The 16-year-old girl that the woman once was had a fraught relationship with her mother, who appears overbearing, neurotic, and obsessively determined to control her daughter’s every activity. With her other children, the mother doesn’t act this way, though why isn’t immediately clear. This battle of wills puts the whole family on edge. The daughter feels compelled to defy and trespass against her mother, lying about where she’s going and who she’ll be meeting. Her father comes to her defense from time to time, telling his wife to let the girl be, but that’s the extent of his involvement.

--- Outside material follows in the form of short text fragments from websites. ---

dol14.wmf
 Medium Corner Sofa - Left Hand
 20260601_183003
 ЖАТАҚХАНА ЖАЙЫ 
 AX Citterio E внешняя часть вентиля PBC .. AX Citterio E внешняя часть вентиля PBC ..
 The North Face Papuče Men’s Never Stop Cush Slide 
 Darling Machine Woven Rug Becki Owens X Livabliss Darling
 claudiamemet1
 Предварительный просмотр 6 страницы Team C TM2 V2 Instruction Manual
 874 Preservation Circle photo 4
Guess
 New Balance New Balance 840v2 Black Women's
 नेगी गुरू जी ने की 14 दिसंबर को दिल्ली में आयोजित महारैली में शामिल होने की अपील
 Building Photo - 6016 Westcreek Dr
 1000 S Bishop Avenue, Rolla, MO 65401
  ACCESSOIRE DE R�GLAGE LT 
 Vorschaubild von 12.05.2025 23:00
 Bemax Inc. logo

Something is going on, something is amiss, but whatever it is lies camouflaged under the mundane details of a young girl’s quest to be 16, to party with her girlfriends and lose her virginity. It’s only well into the novella when the mother discovers her daughter’s diary that the reason for her fear and anxiety and the father’s aloofness is revealed.  

Writing in the New York Review of Books, Ursula Lindsey notes that Vigdis Hjorth has “a gift for depicting painful, confusing, and mortifying relationships.” This is true of Repetition, a slender work of 144 pages, translated by Charlotte Barslund — who also translated Hjorth’s If Only, Will and Testament, and Is Mother Dead. Love and loss, breakups, siblings, and mothers are the grist with which Hjorth works. In Repetition our unnamed narrator refuses to let her childhood go, to forgive and forget. Unlike her parents, she can’t convince herself that the past is gone, forever inaccessible. ”I repeat and recall and relive and retell and redress because childhood lasts, youth lasts, our childhood and youth constitute a future that starts over constantly, it is an ongoing process.”

The most beautiful words the woman ever heard her father say were, “It isn’t easy being human.” After 48 years, she understands that her younger self was calling out to her mature self, the woman she would become. “Offer me your hand of salvation, throw me a lifeline, pull me up!” Hjorth gives readers moments which are deep, complex, and infinite.